Es ist ein schmaler Grat zwischen Gut und Böse, zwischen Normalität und Wahnsinn …
In der Hamburger Universitätspsychiatrie wird eine Patientin erhängt aufgefunden. Die zuständige Therapeutin Tessa Ravens kann nicht glauben, dass es sich um Selbstmord handelt. Als eine weitere Patientin brutal ermordet wird, scheint sich ihre Befürchtung zu bestätigen. Und auch Hauptkommissar Torben Koster merkt schnell, dass er hier mit gewöhnlichen Ermittlungsmethoden nicht weit kommt. An Verdächtigen mangelt es nicht, doch welchen Aussagen kann man wirklich trauen und was davon ist paranoide Wahnvorstellung? Er ist auf Tessas Unterstützung angewiesen, doch die Suche nach dem Mörder wird für beide zur Zerreißprobe ...(© Text und Cover: btb Verlag)
In einer psychiatrischen Anstalt wird eine Patientin erhängt aufgefunden. Während für Torben Koster, den Ermittler alles auf einen Selbstmord hindeutet, glaubt die behandelnde Ärztin Tessa Ravens nicht an diese Erklärung: Sie sieht ihre Patientin in den Suizid getrieben. Ihr Verdacht erhärtet sich, als eine zweite Frau aufgefunden wird, bei deren Todesursache kein Zweifel am Fremdverschulden besteht. Langsam setzt sich das polizeiliche Räderwerk in Bewegung, Torben und Tessa sind auf die Fähigkeiten des jeweils anderen angewiesen, um den Mörder zu finden. Dabei sehen sie sich mit einer Reihe origineller Persönlichkeiten konfrontiert, die einerseits zum Kreis der Verdächtigen zählen, deren Verhalten andererseits durch die individuellen Ausprägungen ihrer Krankheiten geprägt ist.
Die Handlung des Romans spielt sich an zehn Tagen ab, in ebenso viele - und entsprechend betitelte - Kapitel ist er auch gegliedert. Erzählt wird in auktorialer Perspektive, abwechselnd Tessa Ravens und Torben Koster begleitend. Der überwiegende Anteil der Aufmerksamkeit gilt dabei der weiblichen Protagonistin, die anhand zahlreicher innerer Monologe so detailliert gestaltet wird, daß andere Figuren neben ihr eher bleich wirken. Die Vermutung, daß sehr viel an Gefühlen und Erfahrungen der Autorin eingeflossen ist, liegt nahe. Laut Angaben des Verlags absolvierte Angelique Mundt das Studium der Psychologie und ist als selbständige Psychotherapeutin tätig.
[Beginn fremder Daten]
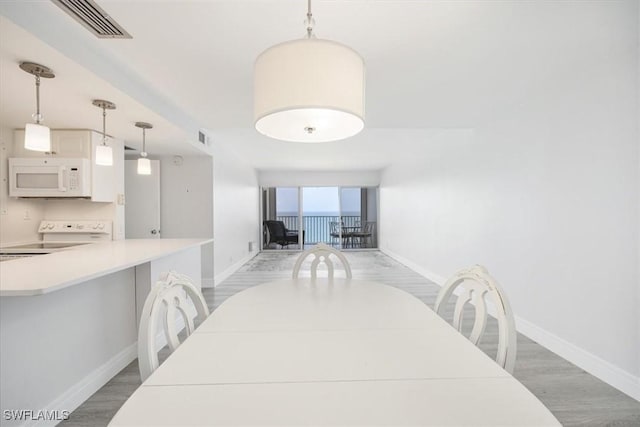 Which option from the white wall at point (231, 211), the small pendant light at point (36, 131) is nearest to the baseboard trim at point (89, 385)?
the small pendant light at point (36, 131)

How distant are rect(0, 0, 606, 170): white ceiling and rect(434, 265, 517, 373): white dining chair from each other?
133cm

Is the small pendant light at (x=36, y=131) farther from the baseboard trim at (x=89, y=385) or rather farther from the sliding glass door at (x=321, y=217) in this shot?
the sliding glass door at (x=321, y=217)

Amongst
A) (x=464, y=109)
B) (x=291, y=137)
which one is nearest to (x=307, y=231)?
(x=464, y=109)

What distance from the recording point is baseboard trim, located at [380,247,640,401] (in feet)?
6.12

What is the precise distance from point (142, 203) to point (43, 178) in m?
1.42

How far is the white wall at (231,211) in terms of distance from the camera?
4.60 metres

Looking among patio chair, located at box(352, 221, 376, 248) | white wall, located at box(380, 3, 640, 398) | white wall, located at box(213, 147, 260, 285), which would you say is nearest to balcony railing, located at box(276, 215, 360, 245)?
patio chair, located at box(352, 221, 376, 248)

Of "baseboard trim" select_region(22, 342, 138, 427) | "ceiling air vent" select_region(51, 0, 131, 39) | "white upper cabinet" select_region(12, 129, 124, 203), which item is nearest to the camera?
"ceiling air vent" select_region(51, 0, 131, 39)

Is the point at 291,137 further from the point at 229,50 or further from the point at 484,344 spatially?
the point at 484,344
Wie auch ihre Hauptfigur weist sie Erfahrungen in einem psychologischen Kriseninterventionsteam auf, das bei der Bewältigung traumatischer Erlebnisse unterstützt
Anhand dieses Werdegangs ist es nicht verwunderlich, daß die Schilderung menschlicher Interaktionen mit besonderer Akribie erfolgt. Daß beispielsweise die Überbringung einer Todesnachricht auch für die Exekutivbeamten ein furchtbares Erlebnis ist, zeigt ein Fall zu dem Tessa als Mitglied des Kriseninterventionsteams gerufen wird:
"Drinnen würgten die Polizisten an den Worten. Schnell, ohne Umschweife, mußten sie auf den Punkt kommen. Sonst kam Hoffnung auf. Und Hoffnung gab es nicht mehr."
Ihr Sensorium für nonverbale Kommunikation beweist die Autorin etwa beim Verhör eines Patienten der Klinik: "Wieder fing Koster einen Blick des Patienten in Richtunger Therapeutin auf. Die belohnte ihn mit einem kurzen Lächeln. Es war nur ein Moment, dennoch glaubte er, ein unsichtbares Band zwischen den beiden zu spüren."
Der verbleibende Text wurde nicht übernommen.